I nervously dial the office number, holding my breath as the call tone plays into my ear.

"Mia?" My boss answers quicker than I expected. I'm surprised to hear an anxious tone in her voice. She's usually pretty confident and laid back.

"Yeah. Hi...what's happening? Is everything okay? Have I done everything okay?" I nervously question.

"Oh! Yes, yes of course. It's nothing to do with work."

"Oh?" I grow even more confused.

"It's Alex. I wasn't sure if I should tell you. I know you're both divorced now and you've moved on but the news has spread pretty quick and I didn't want you to hear it through gossip."

I'm suddenly hit with so many mixed emotions. One small part of me is instantly annoyed that she is phoning me with this. This isn't my burden to take anymore. This isn't fair. But the rest of me is sick with nerves. The knot in my stomach is tight, I feel like I'm clenching every part of myself but I can't stop it. My shoulders feel so heavy with stress.

"I...it's..." I realise I haven't managed a response and a long awkward pause has gone by. I do my best to speak but my throat feels dry.
"Is he okay?"

"I don't know. It's been discussed in the offices that Alex was found unconscious in his home after taking a lethal amount of alcohol and some prescription drugs."

Diazepam. It must be. He started relying on them a lot to relax when he felt himself getting panicky, or angry, or anything really. He used it to numb all his feelings. I suspected he was started to abuse it but I couldn't be sure at the time.

"Mia are you still here?"

"I...I'll call him, maybe." I stutter.
"Thank you for letting me know."

"That's really no problem. He's currently in St.Andrew's hospital. If we can do anything to help, please let us know." She kindly offers.

I feel a bit trembly when I hang up the phone which almost seems unfair to me. Alex shouldn't be my problem anymore and yet I still feel responsible.

Could he be really trying to take his own life? Has our divorce tipped him too far? My god, if he died would I be to blame? Was I a factor?

The questions are coming in too quick and I can feel my chest growing tighter with each panicky thought.
Without another second to spare, I grab my car keys from the kitchen counter and head out to take the two hour journey to St.Andrew's hospital to see Alex.

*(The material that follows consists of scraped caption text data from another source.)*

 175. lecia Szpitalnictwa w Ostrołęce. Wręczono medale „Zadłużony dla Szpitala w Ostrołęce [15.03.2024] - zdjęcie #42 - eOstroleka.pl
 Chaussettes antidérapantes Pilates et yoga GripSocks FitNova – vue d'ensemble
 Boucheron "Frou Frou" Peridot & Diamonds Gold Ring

I have no idea if he wants to see me, or even whether I want to see him. But as much as I wish I didn't, I do feel responsible. And guilty. I can't just do nothing.

Usually when I get in my car I sort out a playlist or faff around and find a good podcast about mysterious crimes or something to listen and occupy my mind. But now I'm just driving in absolute silence. My own mind is busy enough now without anything else. All I know is that I need to get there, I need to see if he can be okay on his own. If he can keep himself safe so this doesn't happen again. I need to know if I'm to blame, or if he needs me to help. It was one thing when he was self-medicating with alcohol and god knows what else, but I can't sit back and let him take his life.